Kitabı okumaya başlayıp daha ilk sayfalarda bu ifadelerle karşılaşınca elimden bırakamayacağımı anlamıştım. 1946 doğumlu bu İspanyol yazar J. Jose Millas'ın otobiyografik diyebileceğimiz bu romanını önce Emrah Serbest'ten okumuş sonra da Yekta Kopan'ın blogunda görmüştüm. Kitabı okuduktan sonra dedikleri kadar varmış dedim ve Türkçe'ye çevrilmiş başka kitabı var mı diye araştırdım; T.İş Bankası Yayınlarından çıkan Sakın Yatağın Altına Bakma isimli bir kitabının daha çevrildiğini gördüm. (Listeye bir kitap daha girdi.)
J.José Millas, özellikle çocukluk - ilk gençlik ekseninde hem kendini hem de geçmişini sorguluyor. Bir nevi yukardaki alıntıda belirttiği gibi yazarak ve hatırlayarak yaralarını dağlıyor. İlk bölümde annesi, babası, evi ve soğuk ekseninde çucukluğunu deşiyor. Özellikle çocukluğunda kişiliğini şekillendiren figürlerin baskınlığı ve bunların bir çocuğu nasıl etkileyebileceğini okurken hüzünlenmedim değil. Sıcak Valencia'dan soğuk Madrid'e taşınmak ve buna alış(ama)mak. (Başlangıçta soğuk vardı. Küçükken bir kez üşümeye görün, ömür boyu üşürsünüz, çünkü çocukken gelen üşüme asla geçmez. - syf.11) ya da kişiliğini belirleyen (her çocuğun) anne imgesi ve bunu yıkma, annenin ağır kişiliğnden kurtulma çabalarına tanık olma; (Ağlamaya başladım.
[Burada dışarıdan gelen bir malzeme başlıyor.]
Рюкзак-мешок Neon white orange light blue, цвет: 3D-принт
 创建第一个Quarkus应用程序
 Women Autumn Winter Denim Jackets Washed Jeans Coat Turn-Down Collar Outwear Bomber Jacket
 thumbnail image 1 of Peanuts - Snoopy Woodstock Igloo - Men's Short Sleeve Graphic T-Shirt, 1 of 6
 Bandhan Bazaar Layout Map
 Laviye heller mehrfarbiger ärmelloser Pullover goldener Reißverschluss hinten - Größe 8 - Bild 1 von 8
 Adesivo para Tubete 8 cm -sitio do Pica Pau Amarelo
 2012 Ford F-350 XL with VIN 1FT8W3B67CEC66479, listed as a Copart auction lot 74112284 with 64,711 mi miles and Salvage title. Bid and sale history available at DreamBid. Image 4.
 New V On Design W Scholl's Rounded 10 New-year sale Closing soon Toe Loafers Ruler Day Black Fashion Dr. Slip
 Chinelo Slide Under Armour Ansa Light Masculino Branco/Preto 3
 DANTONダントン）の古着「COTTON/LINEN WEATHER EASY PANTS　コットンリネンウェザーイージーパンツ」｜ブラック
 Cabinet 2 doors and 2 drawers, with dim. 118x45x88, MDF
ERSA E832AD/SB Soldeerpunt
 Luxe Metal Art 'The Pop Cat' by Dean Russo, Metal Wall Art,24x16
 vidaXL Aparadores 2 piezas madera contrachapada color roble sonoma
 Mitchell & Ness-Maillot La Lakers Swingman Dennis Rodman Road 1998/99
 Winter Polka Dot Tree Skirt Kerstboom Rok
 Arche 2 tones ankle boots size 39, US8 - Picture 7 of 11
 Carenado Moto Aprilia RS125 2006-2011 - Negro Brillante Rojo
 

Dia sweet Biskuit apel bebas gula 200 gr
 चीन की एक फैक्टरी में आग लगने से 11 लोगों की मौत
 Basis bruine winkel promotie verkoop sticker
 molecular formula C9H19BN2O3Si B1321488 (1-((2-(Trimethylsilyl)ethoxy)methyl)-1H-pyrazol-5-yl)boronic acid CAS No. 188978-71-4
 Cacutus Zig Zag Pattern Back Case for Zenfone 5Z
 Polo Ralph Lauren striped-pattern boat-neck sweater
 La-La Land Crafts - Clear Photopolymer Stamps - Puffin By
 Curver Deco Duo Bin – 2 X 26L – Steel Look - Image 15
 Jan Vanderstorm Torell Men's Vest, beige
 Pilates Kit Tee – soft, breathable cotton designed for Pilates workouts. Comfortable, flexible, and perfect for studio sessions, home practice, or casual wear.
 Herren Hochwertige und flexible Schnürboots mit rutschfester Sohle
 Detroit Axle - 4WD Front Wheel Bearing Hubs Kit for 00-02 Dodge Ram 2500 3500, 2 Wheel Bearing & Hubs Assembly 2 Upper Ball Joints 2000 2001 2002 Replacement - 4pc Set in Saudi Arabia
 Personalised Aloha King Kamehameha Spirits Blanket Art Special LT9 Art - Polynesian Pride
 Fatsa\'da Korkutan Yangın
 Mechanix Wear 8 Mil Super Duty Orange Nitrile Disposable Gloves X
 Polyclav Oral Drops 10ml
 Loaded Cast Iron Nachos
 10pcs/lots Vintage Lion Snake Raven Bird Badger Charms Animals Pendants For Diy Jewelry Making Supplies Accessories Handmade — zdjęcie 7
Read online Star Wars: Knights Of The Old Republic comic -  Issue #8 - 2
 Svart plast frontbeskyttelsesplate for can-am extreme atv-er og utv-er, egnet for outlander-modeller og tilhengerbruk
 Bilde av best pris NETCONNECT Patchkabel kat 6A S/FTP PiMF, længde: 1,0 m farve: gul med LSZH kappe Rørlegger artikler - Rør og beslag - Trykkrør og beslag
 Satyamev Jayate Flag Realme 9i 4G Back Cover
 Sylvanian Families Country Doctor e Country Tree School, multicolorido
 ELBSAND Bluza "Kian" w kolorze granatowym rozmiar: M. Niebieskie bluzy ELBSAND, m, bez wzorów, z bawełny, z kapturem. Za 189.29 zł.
Bunun üzerine yüzümü okşayarak asla ölmeyeceğini söyledi, inandım buna. Bu vaat ilkin yaraları dindiren bir merhem gibi geldi, sonrasındaysa bir tehdit.(...) Büyüdükten sonra bu vaadin bir tehdit olduğunu anlamıştım. Anlamıştım ki esasında annem, ölse bile ölmeyecekti. - syf.34)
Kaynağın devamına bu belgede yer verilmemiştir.